X_months = pd.get_dummies(df_iq['month'], prefix='month')[:520]
Xtest_months = pd.get_dummies(df_iq['month'], prefix='month')[520:]
y = cases_iq.values

rf_monthly_iq.fit(X_months, y)
monthly_trend = pd.Series(rf_monthly_iq.predict(X_months)).rolling(8, min_periods=1).mean()
iq_residuals_all = y - monthly_trend



# rolling means df
Xtrain_means1 = df_iq['station_avg_temp_c'].rolling(window = 53).mean()[60:520]
# combine all dfs
Xtrain = pd.concat([Xtrain_means1], axis = 1)
ytrain = iq_residuals_all[60:]


# create test df on rolling weather stats
# rolling means df
Xtest_means1 = df_iq['station_avg_temp_c'].rolling(window = 53).mean()[520:]

# combine all dfs
Xtest_weather = pd.concat([Xtest_means1], axis = 1)

# fit on model
rf_iq_resid = RandomForestRegressor(n_estimators=1000, max_features='auto',
                                 max_depth=10, min_samples_leaf=0.005,
                                 criterion='mae', min_weight_fraction_leaf=0.1
                                , warm_start=True)
rf_iq_resid.fit(Xtrain, ytrain)

In [97]:
# make predictions on monthly data and residual data
iq_monthly_preds = pd.Series(rf_monthly_iq.predict(Xtest_months)).rolling(8, min_periods=1).mean()
iq_resid_preds = rf_iq_resid.predict(Xtest_weather)
iq_cases_pred = pd.Series(iq_monthly_preds + iq_resid_preds)
iq_cases_pred = iq_cases_pred.apply(lambda x: 0 if x < 1 else int(x))

In [None]:
total_preds_random_forest = list(sj_cases_pred) + list(iq_cases_pred)

In [None]:
tot_predictions_random_forest_monthly = list(predictions_sj) + list(predictions_iq)
total_preds = list(sj_cases_pred) + list(iq_cases_pred)
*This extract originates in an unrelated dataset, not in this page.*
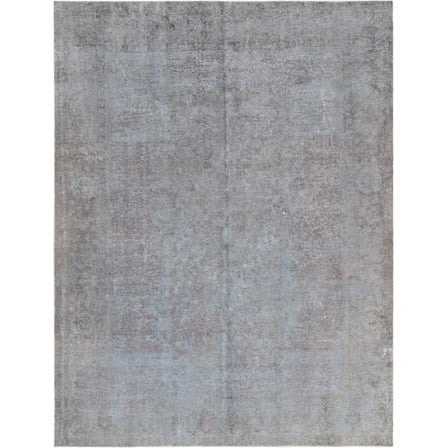 Pasargad Home Overdye 98" x 127" Hand-Knotted Contemporary Wool Area Rug in Gray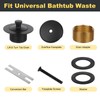 GZJoSum Brass Bathtub Drain Kit,Matte Black Lift and Turn Tub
error = mean_absolute_error(tot_predictions_random_forest, total_preds)

In [84]:
### Make CSV

In [91]:
# submission
submission_format = pd.read_csv('./datasets/submission_format.csv')

In [92]:
submission_format['total_cases'] = total_preds
submission_format['total_cases'] = submission_format['total_cases'].apply(lambda x: int(x))

In [93]:
# Save to CSV, use current date
submission_format.to_csv('submissions/dengue_submission_9_19_17v2.csv', index=False)

In [94]:
submission_format.head()

Unnamed: 0,city,year,weekofyear,total_cases
0,sj,2008,18,10
1,sj,2008,19,14
2,sj,2008,20,16
3,sj,2008,21,15
4,sj,2008,22,16


### Submitted MAEs!!!!
* monthly trend and mean `station_avg_temp_c` with window = 52 was 20.7764
* monthly trend and mean `station_avg_temp_c` with window = 52 and std window = 8 was 20.7981
* monthly trend and mean `station_avg_temp_c` and `precipitation_amt_mm` with window = 52 and std window = 8 was 24.1274
* monthly trend and sj used mean `station_avg_temp_c` with window = 55 and iq used 'ndvi_nw' with window = 68 was 23.5697
* monthly trend and sj used mean `station_avg_temp_c` with window = 55 and `ndvi_se` with window = 10 and iq used 'ndvi_nw' with window = 68 was 21.337
* Next steps: use other rolling features (and std? and shifted? and exponentially weighted mean?)